## Which John?

Guess the name of a person in Wikipedia from the first name and a sentence! 

The model currently is only trained on a fraction of the data and supports 'John' only. The first cell will download the pre-trained model for you. Please note that direct unpickling of someone else's file is unsafe and I welcome recommendations of how to do this in another way.

In [3]:
!if [ ! -e firstModel.dill ] ; then wget https://www.dropbox.com/s/b7p4tnxcmrpqkh4/firstModel.dill ; fi
    
import dill
model = dill.load(open('firstModel.dill', 'rb'))
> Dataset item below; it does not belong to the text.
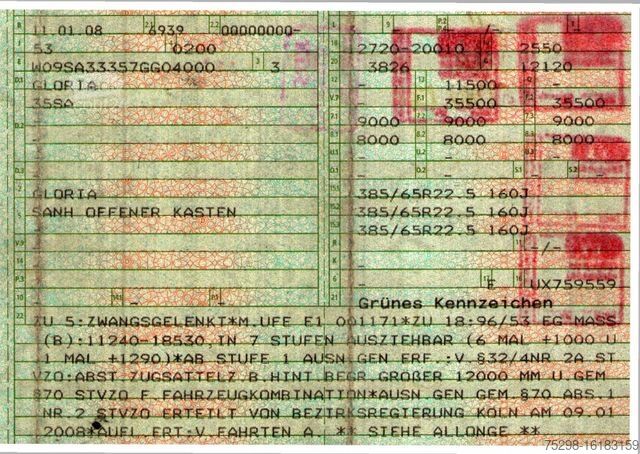 Semi-remorque GLORIA Gloria 35SA / Teleskop /3 x Lenkachse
The model object is in the format of

    model = Pipeline([
                ('cleaning', CleaningContextTransformer()),
                ('vectorize', DictVectorizer(sparse = False)), 
                ('decision tree', tree.DecisionTreeClassifier())
            ])

Here are a few examples of the prediction

In [4]:
model.predict(['beatles'])[0]

'http://en.wikipedia.org/wiki/John_Lennon'

In [5]:
model.predict(['Elected in 1960 as the 35th president of the United States'])[0]

'http://en.wikipedia.org/wiki/John_F._Kennedy'

In [6]:
model.predict(['An itinerant preacher and a major religious figure in Christianity and Islam'])[0]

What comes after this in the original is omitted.